Data block -
====

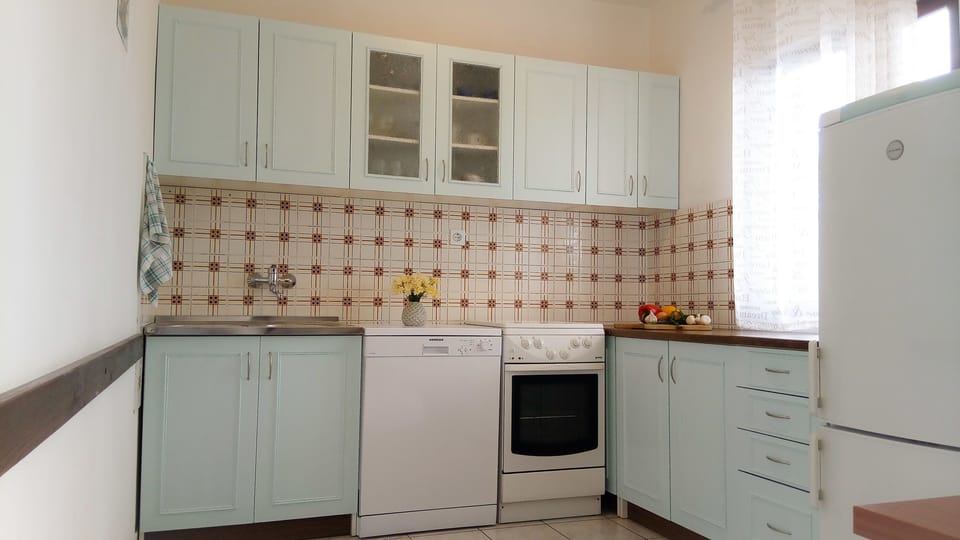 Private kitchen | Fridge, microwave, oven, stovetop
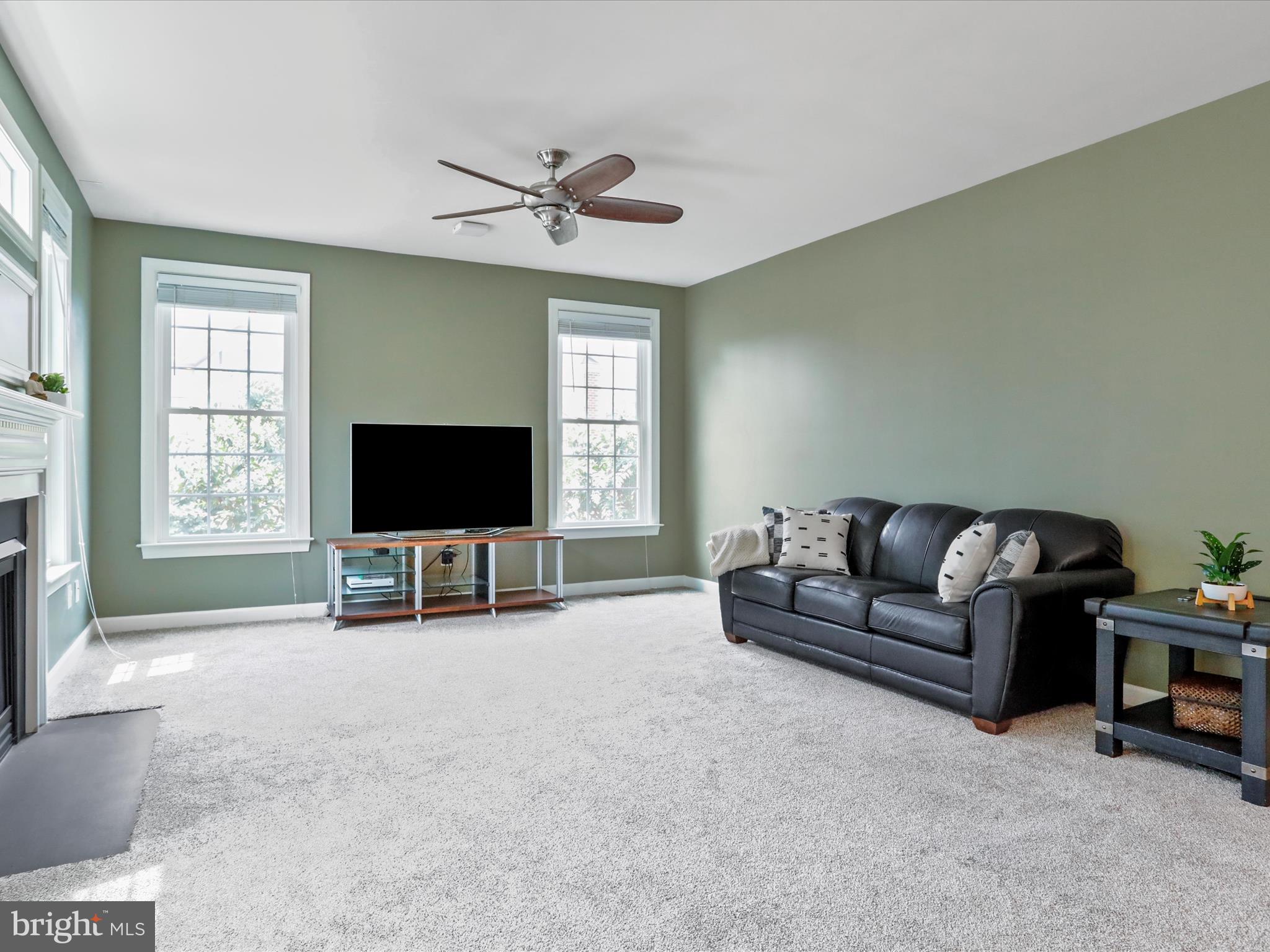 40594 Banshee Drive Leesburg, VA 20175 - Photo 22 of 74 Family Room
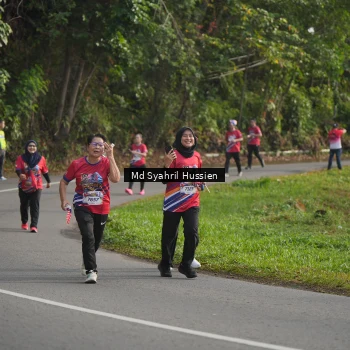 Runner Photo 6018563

====

Word for word, restate all of the material, omitting the images.

 Private kitchen | Fridge, microwave, oven, stovetop
 40594 Banshee Drive Leesburg, VA 20175 - Photo 22 of 74 Family Room
 Runner Photo 6018563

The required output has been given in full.